• **Task description**: When writing out the entries below, keep only the lines from the line with "Mapa de 508" to the line with "CUADROS ABSTRACTOS CON ACUARELAS - Imagui", both included, exactly as they are, and leave the pictures aside.

[[ Dataset records open ]]

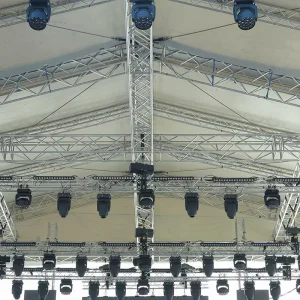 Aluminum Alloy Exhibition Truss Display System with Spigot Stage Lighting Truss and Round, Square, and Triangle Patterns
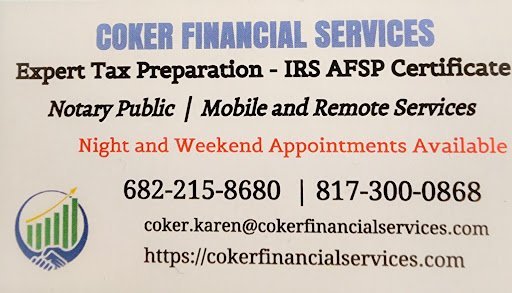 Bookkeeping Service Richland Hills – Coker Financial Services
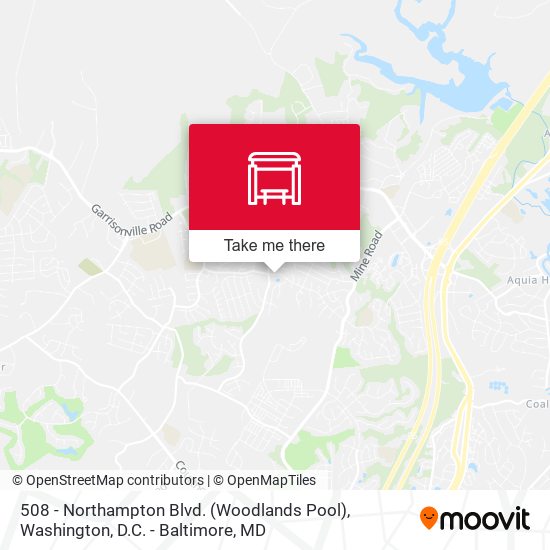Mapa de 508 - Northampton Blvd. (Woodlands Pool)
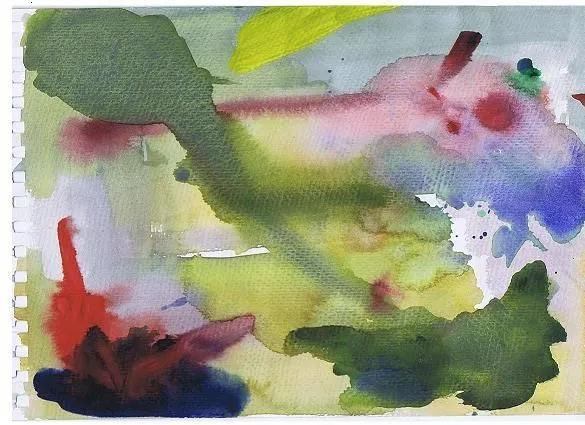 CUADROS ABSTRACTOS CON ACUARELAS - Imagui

[[ Dataset records closed ]]
[[ Dataset records open ]]

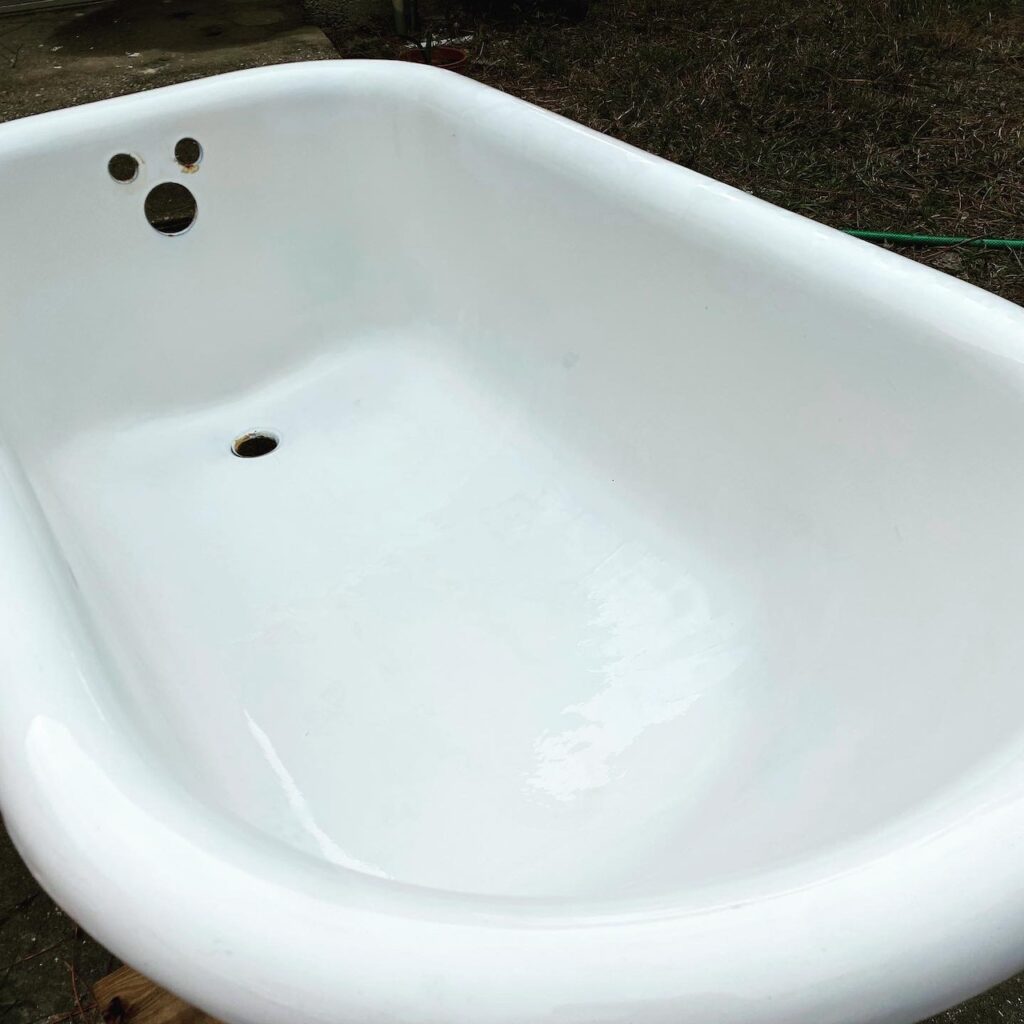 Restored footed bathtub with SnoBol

[[ Dataset records closed ]]
[[ Dataset records open ]]

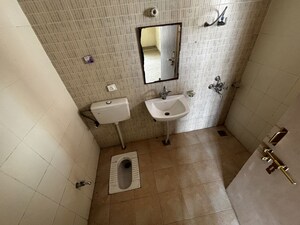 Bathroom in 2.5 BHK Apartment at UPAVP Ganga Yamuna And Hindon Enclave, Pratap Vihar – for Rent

[[ Dataset records closed ]]

• **Response**:
Mapa de 508 - Northampton Blvd. (Woodlands Pool)
 CUADROS ABSTRACTOS CON ACUARELAS - Imagui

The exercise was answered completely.